Growing up, girls will always worry about how they look. It's been hardwired into our brains that if we don't look like that DD-cup bombshell beauty with perfectly applied makeup and skinny limbs, we're not what's considered beautiful or hot, sexy, and very attractive. It's not our fault. But I don't think that this is every girl's main priority worry growing up through adolescence. I may just be speaking for myself, but, never have I felt truly insecure about my image 24/7. And, unless my friends haven't told me, neither do they care so much, either.

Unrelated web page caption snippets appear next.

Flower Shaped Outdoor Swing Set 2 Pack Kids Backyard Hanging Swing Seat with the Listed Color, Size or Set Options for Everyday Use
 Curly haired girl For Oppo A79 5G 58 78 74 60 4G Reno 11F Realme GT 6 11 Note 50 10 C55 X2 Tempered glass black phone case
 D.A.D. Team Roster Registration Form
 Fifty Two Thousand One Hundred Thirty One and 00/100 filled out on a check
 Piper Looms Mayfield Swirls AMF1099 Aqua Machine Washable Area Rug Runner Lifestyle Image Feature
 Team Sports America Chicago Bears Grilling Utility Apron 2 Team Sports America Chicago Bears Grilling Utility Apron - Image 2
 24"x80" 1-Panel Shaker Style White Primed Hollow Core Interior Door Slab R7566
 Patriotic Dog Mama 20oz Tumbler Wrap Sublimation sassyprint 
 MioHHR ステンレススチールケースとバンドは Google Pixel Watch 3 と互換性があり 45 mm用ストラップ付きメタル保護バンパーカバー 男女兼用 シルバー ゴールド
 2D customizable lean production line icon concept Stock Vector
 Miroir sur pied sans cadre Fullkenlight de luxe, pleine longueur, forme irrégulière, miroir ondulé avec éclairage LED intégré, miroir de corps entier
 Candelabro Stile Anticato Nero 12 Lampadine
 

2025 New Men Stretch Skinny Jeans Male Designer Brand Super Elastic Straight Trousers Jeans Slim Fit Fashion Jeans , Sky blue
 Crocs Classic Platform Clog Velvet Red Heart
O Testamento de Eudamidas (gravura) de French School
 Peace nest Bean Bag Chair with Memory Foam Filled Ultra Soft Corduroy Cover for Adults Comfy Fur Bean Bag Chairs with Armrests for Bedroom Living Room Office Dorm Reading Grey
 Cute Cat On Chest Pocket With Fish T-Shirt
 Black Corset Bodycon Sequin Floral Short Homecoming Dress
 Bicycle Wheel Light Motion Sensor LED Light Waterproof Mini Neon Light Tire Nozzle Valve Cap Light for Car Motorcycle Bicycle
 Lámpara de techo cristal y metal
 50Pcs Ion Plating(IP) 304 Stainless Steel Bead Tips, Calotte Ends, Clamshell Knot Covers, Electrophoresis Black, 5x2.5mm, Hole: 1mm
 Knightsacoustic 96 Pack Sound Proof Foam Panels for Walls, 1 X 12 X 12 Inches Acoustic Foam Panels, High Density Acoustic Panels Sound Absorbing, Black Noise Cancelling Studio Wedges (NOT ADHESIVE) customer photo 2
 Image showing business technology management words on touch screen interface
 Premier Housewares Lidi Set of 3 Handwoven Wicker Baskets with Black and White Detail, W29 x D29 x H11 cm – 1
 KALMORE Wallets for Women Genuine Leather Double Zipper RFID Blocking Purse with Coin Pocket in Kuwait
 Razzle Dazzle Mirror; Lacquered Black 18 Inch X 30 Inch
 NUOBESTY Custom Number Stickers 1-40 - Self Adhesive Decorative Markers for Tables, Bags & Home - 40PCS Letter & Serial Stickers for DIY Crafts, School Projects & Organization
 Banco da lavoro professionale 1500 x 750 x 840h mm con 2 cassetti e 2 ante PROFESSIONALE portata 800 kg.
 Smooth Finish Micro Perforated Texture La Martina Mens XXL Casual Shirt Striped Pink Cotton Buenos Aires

What I can't stand in YA books is that readers obviously know that this leading heroine is attractive and smart and talented in some way. We know this because 1) There's a love triangle. And let's face it, if the girl's got game, she's doing something right, or 2) When have we ever watched a successful movie where the leading and super hot hero love interest is interested in someone who isn't attractive? Never. To me, there is no definition between what is considered attractive and what is not, but all media focus on a certain kind of attractive. And this also includes books. 

I'm not blaming authors and I'm not bashing books. I love books and I love authors. But what I think is that we need more female characters that are more confident in their appearance. This, meaning that the main girl can be all geeky and awkward and socially inept, but know that she is pretty and smart and in command of who she is.

Do I think I'm attractive? Uhhh, yes and no. I find that I am too skinny and my hair is flat and boring. I don't think that my face or body is all that stunning, but not only is it not a major issue for me, but I also am confident in who I am in some ways. I never wear makeup. Mainly, it's because I'm lazy and don't like makeup, but I also know that I don't look that unattractive without it. I don't consider myself to be pretty, but I think I'm cute. And that's what counts. Also, within the six years of high school I've been in, two boys have admitted that they had a crush on me. While that may not be all that impressive, it proves that I'm not all that ugly. I mean, there must be something that's physically appealing about my face that others see as well, along with my personality.

Instead of sending this message out to young girls that read YA that it's okay to think you're unattractive because, someday, your handsome prince will come and sweep you away, let's do something else. To me, this just makes the main heroine look like she's fishing for compliments and is in complete denial when her potential boyfriend insists that she is beautiful. While this idea has many perks (like relating to all those other girls that don't think that she's attractive and is a great technique for making character growth), it also has its downfalls, because this, in some ways, makes that girl look weak and a damsel, when in all actuality, that character's not because she ends up saving the day in the end. 

What I think should happen with girls in YA is: make those girls confident in who she is right from the very start. What YA books are teaching the younger demographic is that it is okay to not like her body or her face because eventually, some guy will see the true beauty within her. That's not good! And to think I almost fell for this, too! Women shouldn't have to wait for the man. Women can be confident and women can be in control and women of all kinds can be pretty. I think I see this trend more in dystopia of female confidence than I do in, say, contemporary or paranormal. Perhaps this is why dystopia is a growing, popular genre?

Maybe I'm speaking nonsense here, but it's what has been on my mind. What are your thoughts? Do you think this is true? Do you disagree? Tell me what you think!